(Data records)
|---|

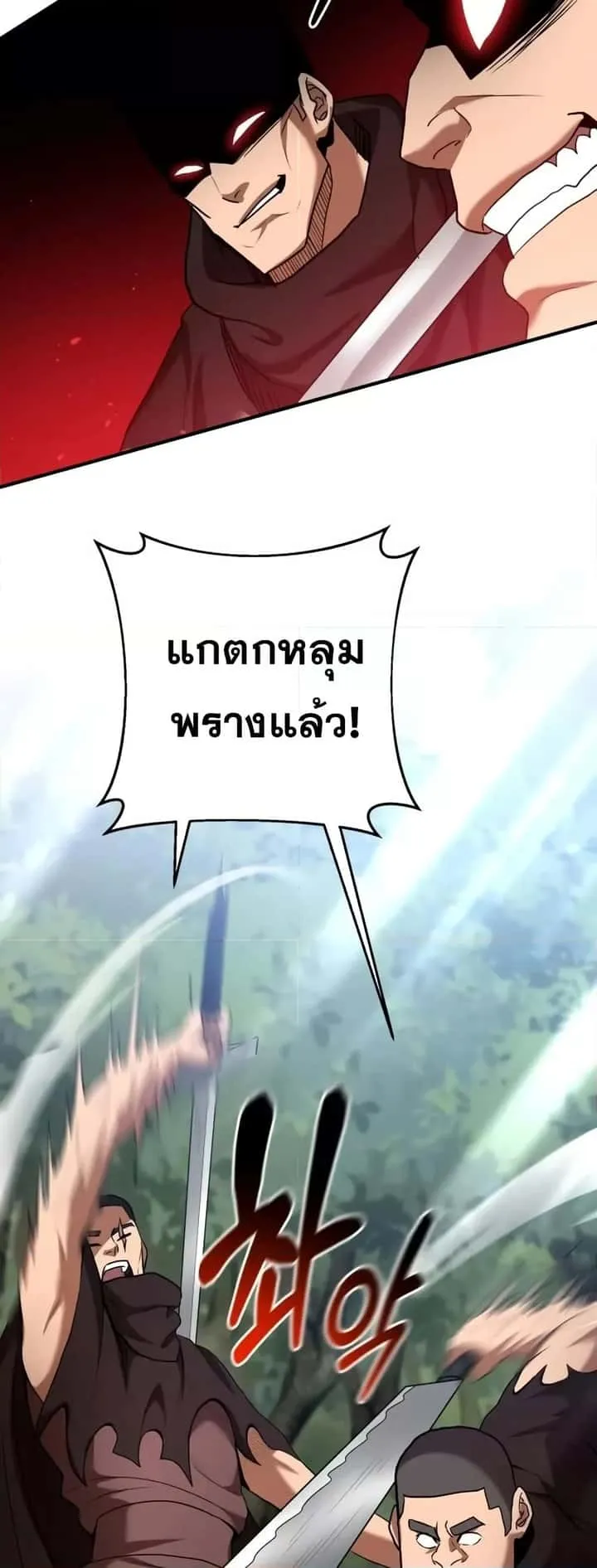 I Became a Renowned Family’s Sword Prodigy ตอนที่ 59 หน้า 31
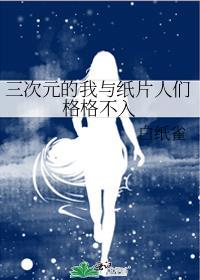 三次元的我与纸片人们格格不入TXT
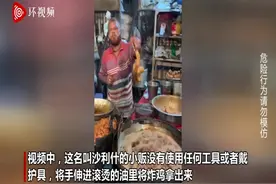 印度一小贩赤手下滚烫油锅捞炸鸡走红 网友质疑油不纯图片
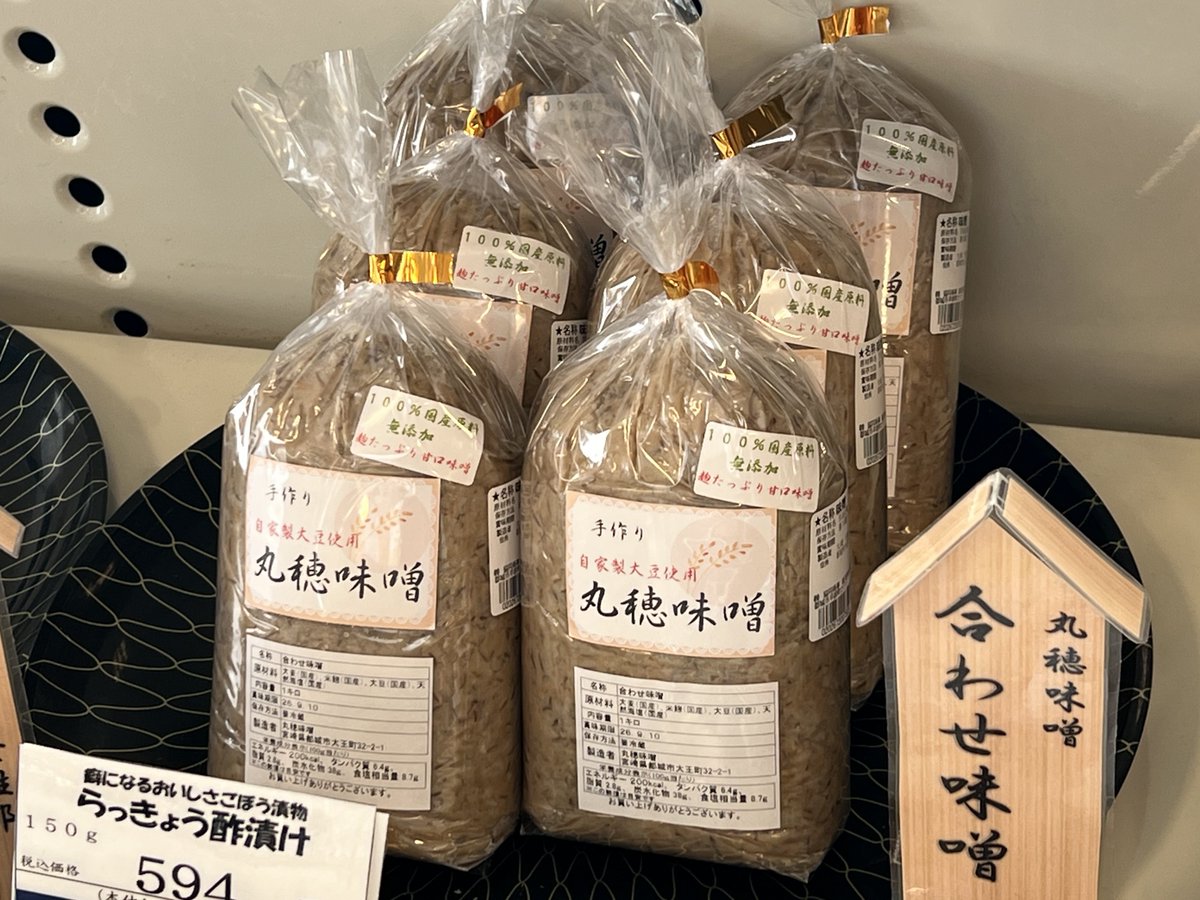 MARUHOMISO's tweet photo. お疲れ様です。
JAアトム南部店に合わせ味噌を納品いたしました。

|---|

> **What is required**
Retype every record above word for word, leaving out any pictures.

> **Exercise solution**
 I Became a Renowned Family’s Sword Prodigy ตอนที่ 59 หน้า 31
 三次元的我与纸片人们格格不入TXT
 印度一小贩赤手下滚烫油锅捞炸鸡走红 网友质疑油不纯图片
 MARUHOMISO's tweet photo. お疲れ様です。
JAアトム南部店に合わせ味噌を納品いたしました。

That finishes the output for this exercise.